INSTRUCTIONS TO FOLLOW
Below are some entries. Repeat exactly the lines from the one with "Deerfield Health Group" through the one with "2 Zimmer Wohnung", and only those.

DATA RECORDS
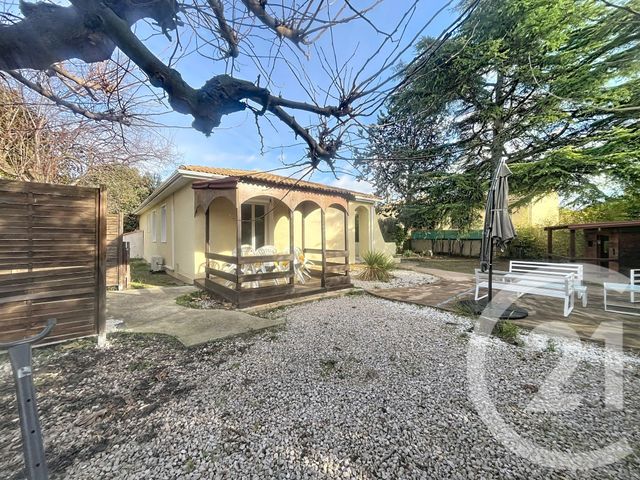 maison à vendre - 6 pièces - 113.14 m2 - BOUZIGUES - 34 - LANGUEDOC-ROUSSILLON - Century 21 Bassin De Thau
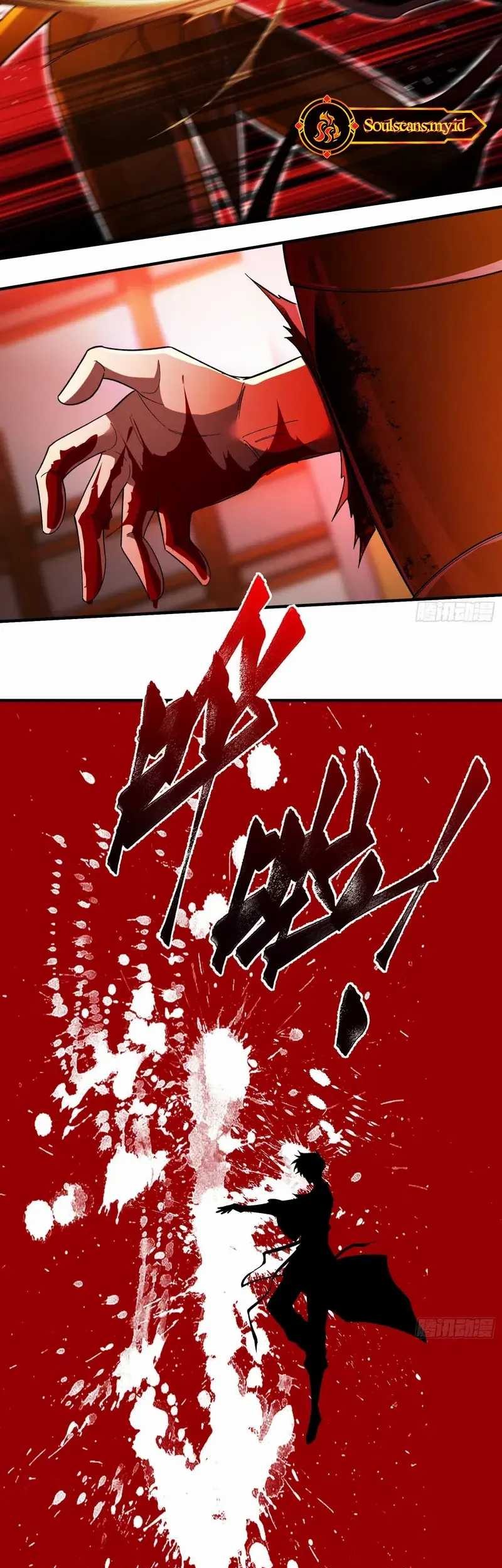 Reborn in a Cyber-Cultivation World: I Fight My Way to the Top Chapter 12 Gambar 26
* * *
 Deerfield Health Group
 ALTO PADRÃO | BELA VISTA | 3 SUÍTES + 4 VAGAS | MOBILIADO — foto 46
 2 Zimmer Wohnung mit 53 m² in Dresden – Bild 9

TASK OUTPUT
 Deerfield Health Group
 ALTO PADRÃO | BELA VISTA | 3 SUÍTES + 4 VAGAS | MOBILIADO — foto 46
 2 Zimmer Wohnung mit 53 m² in Dresden – Bild 9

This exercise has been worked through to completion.